## Dataset content
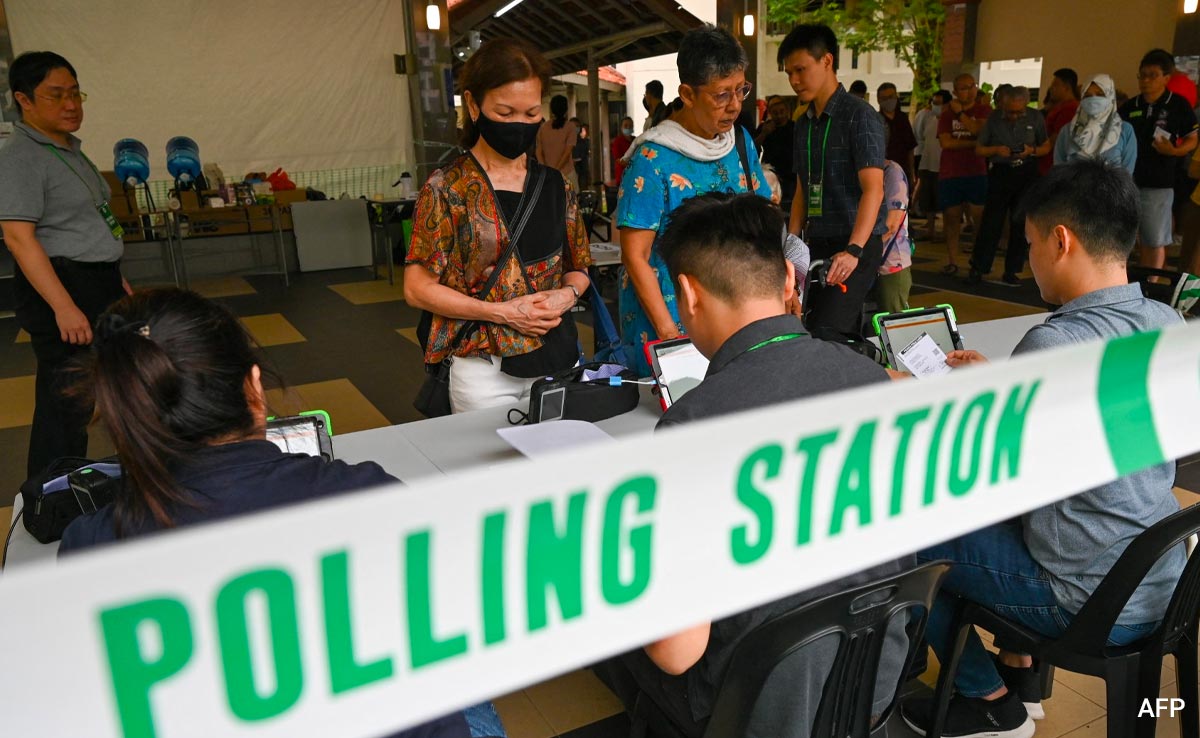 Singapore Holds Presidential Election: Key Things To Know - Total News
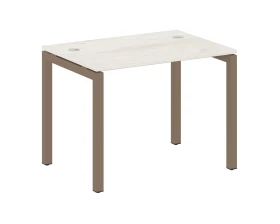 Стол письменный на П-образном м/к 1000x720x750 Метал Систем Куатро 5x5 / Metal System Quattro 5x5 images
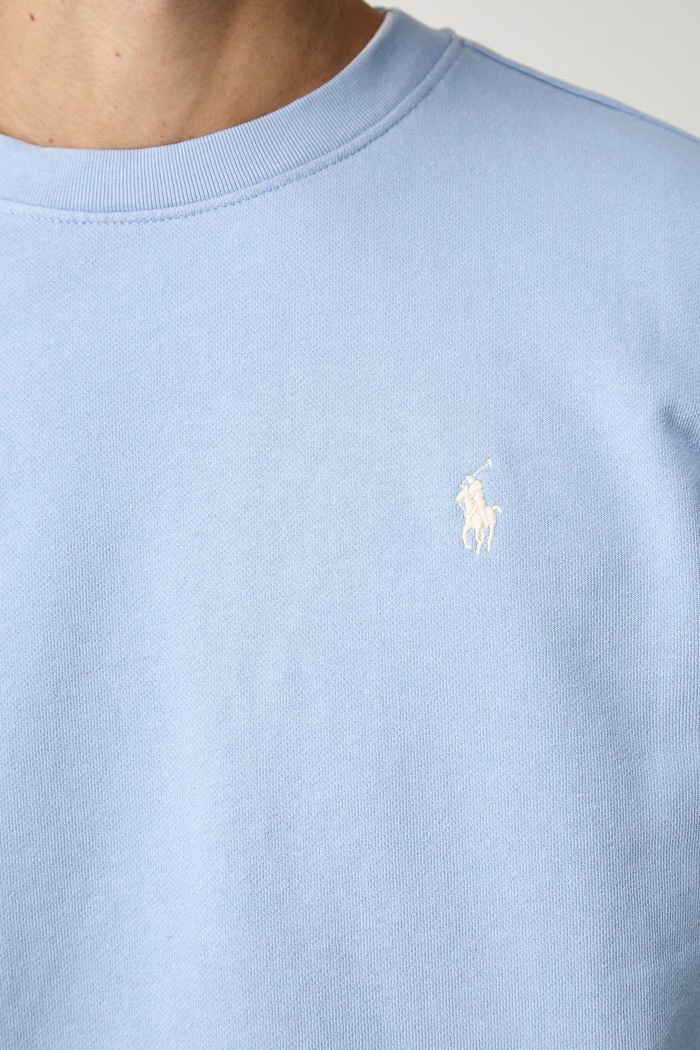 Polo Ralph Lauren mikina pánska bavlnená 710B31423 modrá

## Task prompt
What you return should match the material line for line, with the images removed.

## Result
 Singapore Holds Presidential Election: Key Things To Know - Total News
 Стол письменный на П-образном м/к 1000x720x750 Метал Систем Куатро 5x5 / Metal System Quattro 5x5 images
 Polo Ralph Lauren mikina pánska bavlnená 710B31423 modrá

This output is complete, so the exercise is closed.